**EXERCISE PROMPT**
Return the data below exactly, but only from the line containing "Schick Hydro 5carts Ultra Sensitive" through the line containing "Naturevibe Botanicals Organic", with both of those lines included.

**RECORD EXTRACTS**
·····
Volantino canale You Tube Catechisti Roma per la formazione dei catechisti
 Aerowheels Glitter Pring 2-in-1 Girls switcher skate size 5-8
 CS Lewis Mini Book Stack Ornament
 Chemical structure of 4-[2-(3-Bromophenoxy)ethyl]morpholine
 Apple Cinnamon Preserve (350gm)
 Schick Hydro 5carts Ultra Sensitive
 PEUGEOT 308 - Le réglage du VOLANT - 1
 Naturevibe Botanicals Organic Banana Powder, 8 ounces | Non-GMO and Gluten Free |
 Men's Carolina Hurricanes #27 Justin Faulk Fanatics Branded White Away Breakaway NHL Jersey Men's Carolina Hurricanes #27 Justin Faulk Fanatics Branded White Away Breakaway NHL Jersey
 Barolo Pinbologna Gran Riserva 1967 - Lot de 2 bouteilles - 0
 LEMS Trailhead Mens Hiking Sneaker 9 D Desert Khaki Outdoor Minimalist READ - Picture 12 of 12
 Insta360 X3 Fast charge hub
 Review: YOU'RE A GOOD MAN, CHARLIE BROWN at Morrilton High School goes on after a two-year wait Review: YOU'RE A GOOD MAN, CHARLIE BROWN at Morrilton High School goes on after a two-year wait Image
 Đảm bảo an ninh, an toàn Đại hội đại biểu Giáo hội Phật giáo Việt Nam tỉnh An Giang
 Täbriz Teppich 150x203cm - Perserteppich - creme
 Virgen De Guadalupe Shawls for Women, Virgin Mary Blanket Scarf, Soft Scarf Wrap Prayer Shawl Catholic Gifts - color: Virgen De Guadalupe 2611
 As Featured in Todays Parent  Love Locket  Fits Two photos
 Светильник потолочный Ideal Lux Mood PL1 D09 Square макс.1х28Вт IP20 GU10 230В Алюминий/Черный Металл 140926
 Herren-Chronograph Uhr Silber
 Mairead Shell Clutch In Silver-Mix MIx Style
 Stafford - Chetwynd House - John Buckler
·····
**RESPONSE FOR THIS EXERCISE**
 Schick Hydro 5carts Ultra Sensitive
 PEUGEOT 308 - Le réglage du VOLANT - 1
 Naturevibe Botanicals Organic Banana Powder, 8 ounces | Non-GMO and Gluten Free |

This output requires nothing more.